TRIBUTES have been made to a retired teacher describing her as fun, loud and loved her family and friends.
The loving comments have been made after Jean Curry, 63, of Napier Road, Southsea, died in Bridport, Dorset, in February this year.
An inquest at Bournemouth Coroner’s Court concluded Ms Curry had taken her own life.
Her sister Linden Leeke described her sister as fun and loud.
She said: ‘We were more than just sisters, we were really close.
‘She was a great friend and we did everything together.
‘She loved cycling and walking, and was fun-loving.’
Ms Curry had been a member of the Portsmouth Pensioners Association and Pompey Peddlers.
The inquest heard officers from Dorset police were called shortly after 11.50am on February 11, this year, after a woman had jumped off the cliffs of West Bay on to East Beach.
She landed on a grass verge which cushioned her fall, and although paramedics said she was conscious, she wasn’t able to speak.
An air ambulance was called to the scene and medics tried their best to revive her.
But at 12.45pm she was pronounced dead.
A search of her car, which was parked nearby, was said to be clean and tidy and there was a pair of walking boots in the boot of the car.
A post mortem found Ms Curry had died as a result of multiple injuries due to a fall from a height.
She had been an informal patient at the Orchards in St James’ Hospital, in Locksway Road, Milton.
In December last year, Ms Curry went on a walking holiday to Majorca, but came home four days early on December 23 as she had trouble communicating with others.
The court heard she spent Christmas alone and had been too scared to move around in her home or put on the lights, in case her neighbours knew she was on her own.

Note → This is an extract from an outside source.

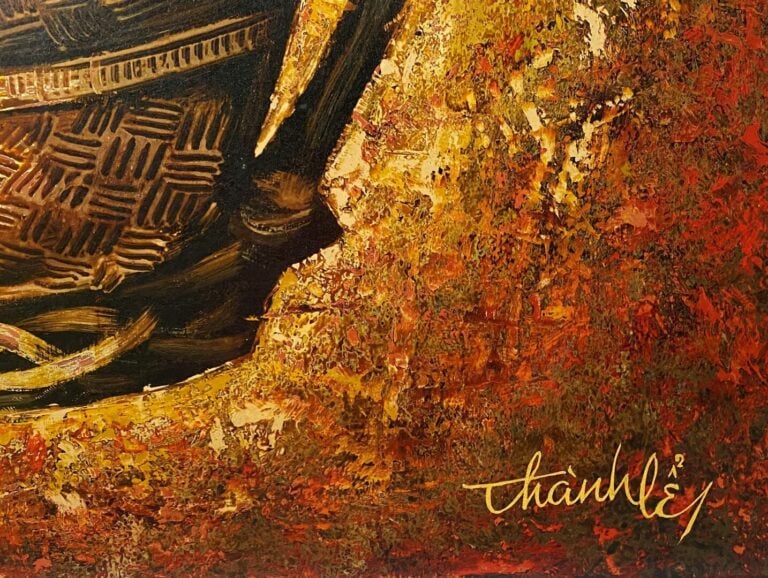 THANH LE - Femmes au marché - Panneau laqué - Signé en bas à droite - 60 x 80 c…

Finally on January 2, Ms Curry contacted her sister, who lives in Cambridgeshire, as a cry for help.
On January 14 her GP referred her to mental health services where she was sectioned under the Mental Health Act due to anxiety and depression.
Mrs Leeke said her sister was often agitated and her personal hygiene decreased during her stay.
However the court heard during her stay her mood improved, and after a conversation with Sarika Kakwani, a consultant psychiatrist, on the ward, it was agreed Ms Curry’s mental state had improved and no longer needed to be sectioned.
She was given day leave to return home on February 9, and she returned to the ward.
She was then given permission for an overnight stay at her home on February 10, but failed to return on February 11.
Me Kakwani said: ‘Ms Curry expressed suicidal thoughts but never mentioned any plans.
‘she was on an open ward but never absconded, and when she was given day leave she did return.
‘I am truly shocked by what happened.’
Coroner Sheriff Payne recorded a verdict of Ms Curry taking her own life.
Background on Ms Curry.
She went to Exeter university before coming to Portsmouth to do teaching training.
Her teaching career took her to Zambia in Africa where she taught at an all girls school before returning to the UK to carry on teaching.
She later retrained as an occupational therapist before retiring in 2013.
After this she travelling, including spending one month in Eastern Europe.
Although she never married, she did have a serious relationship with a German man that ended due to the long distance.
Mrs Leeke added: ‘Jean saw this as a trigger for the first serious illness.
‘In 2005 she spent time in the Hawthorns ward at St James’ Hospital where she was treated.
‘She said she got her life back on track and for the last nine years she lived a full life.
‘She went on lots of holidays - some with her friends and some on her own.
‘She was loyal and loved all her family and friends.
‘She had a wonderful soprano voice and loved singing in a choir.’